Regarding track’s popularity estimation and prediction, the team described that overall track popularity is estimated from the following sources: Deezer rank, Spotify popularity, views and likes on YouTube, and global airplay counts provided by our partner BMAT. The team compared k-Nearest Neighbors (kNN) against Long-Short-Term-Memory (LSTM) deep learning models, and concluded that LSTM resulted slightly better, but at a dramatically higher computational cost; therefore, decided to use the kNN implementation instead. More importantly, Thomas Lidy, Adrian Lecoutre, Khalil Boulkenafet Manos Schinas, Christos Koutlis, and Symeon Papadopoulos explained that in both cases, since these models are based on machine learning models trained on historical crawled signals, they will theoretically become more and more accurate over time. In general, the different analyses have shown that a simple trend or seasonality can be easily predicted for a relatively small time prediction interval.
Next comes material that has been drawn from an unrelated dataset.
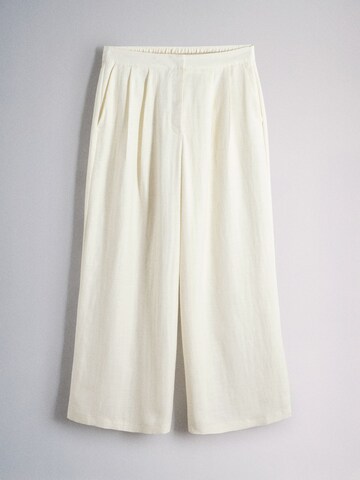The Set Wide Leg Hose in Blau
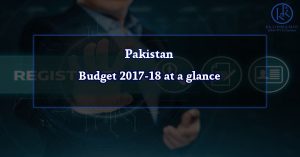 Pakistan Budget 2017-18 at a glance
Nevertheless, it is pinpointed that ‘the difficulty can rise significantly when the source signal is almost static (such as in the case of Spotify popularity), the predicted target goes farther in the future, or when an unexpected trend appears without any detectable pattern in the previous days of history in the data’. As the authors mention ‘we have studied that a multivariate LSTM approach can potentially overcome these issues when more data becomes available. In the current implementation the kNN approach is used to predict a track’s popularity up to 21 days into the future, based on up to 28 days of history.

For artist popularity our team proposed a non-linear aggregation method in order to combine diverse sources of popularity information, like Spotify followers, YouTube views, playcounts etc. This method actually leverages geometrical shapes formed by the normalized metric values obtained for each artist and combines them by computing a fraction where the numerator corresponds to the artist under study and the denominator corresponds to the best possible case i.e. the most popular possible artist. The results showed that this method outperformed the most natural choice being a simple average and also it outperformed other non-linear metric aggregation methods in terms of correlation, rank correlation and rank distance with the ground truth.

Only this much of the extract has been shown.